• TASK DETAILS:
Would you please copy the part of the material below that opens with the line containing "VIDEO : इमोशनल" and closes with the line containing "WHISPERING WOODS - Residential"? Copy it exactly, and only it.

• SOURCE MATERIAL:
☆ ☆ ☆ ☆ ☆
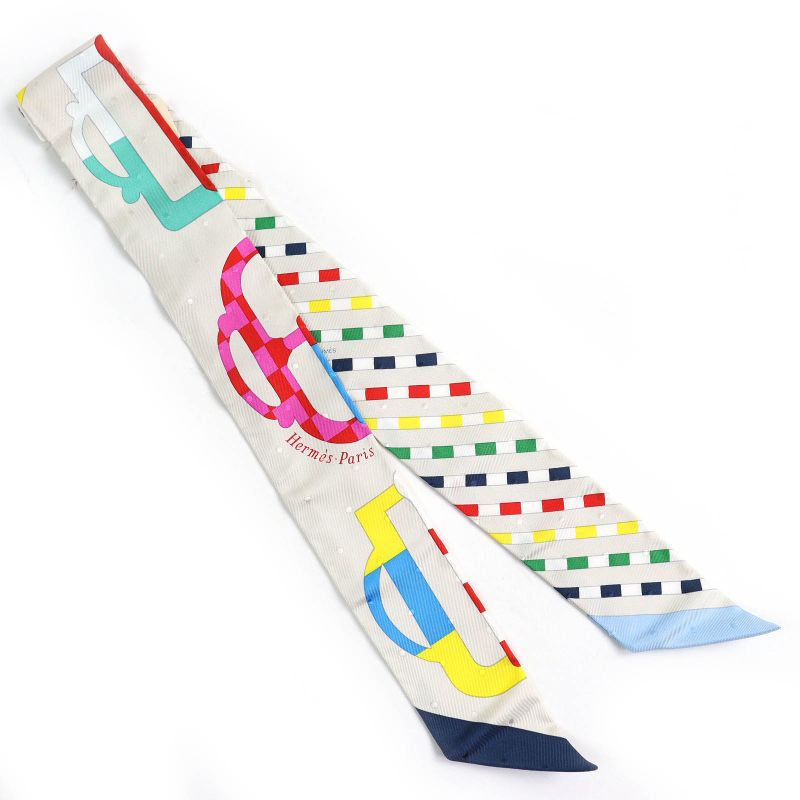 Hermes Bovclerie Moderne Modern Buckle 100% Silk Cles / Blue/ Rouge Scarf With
☆ ☆ ☆ ☆ ☆
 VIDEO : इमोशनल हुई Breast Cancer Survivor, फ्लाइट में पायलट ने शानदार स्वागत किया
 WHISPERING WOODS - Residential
☆ ☆ ☆ ☆ ☆
• ANSWER FOR THE TASK:
 VIDEO : इमोशनल हुई Breast Cancer Survivor, फ्लाइट में पायलट ने शानदार स्वागत किया
 WHISPERING WOODS - Residential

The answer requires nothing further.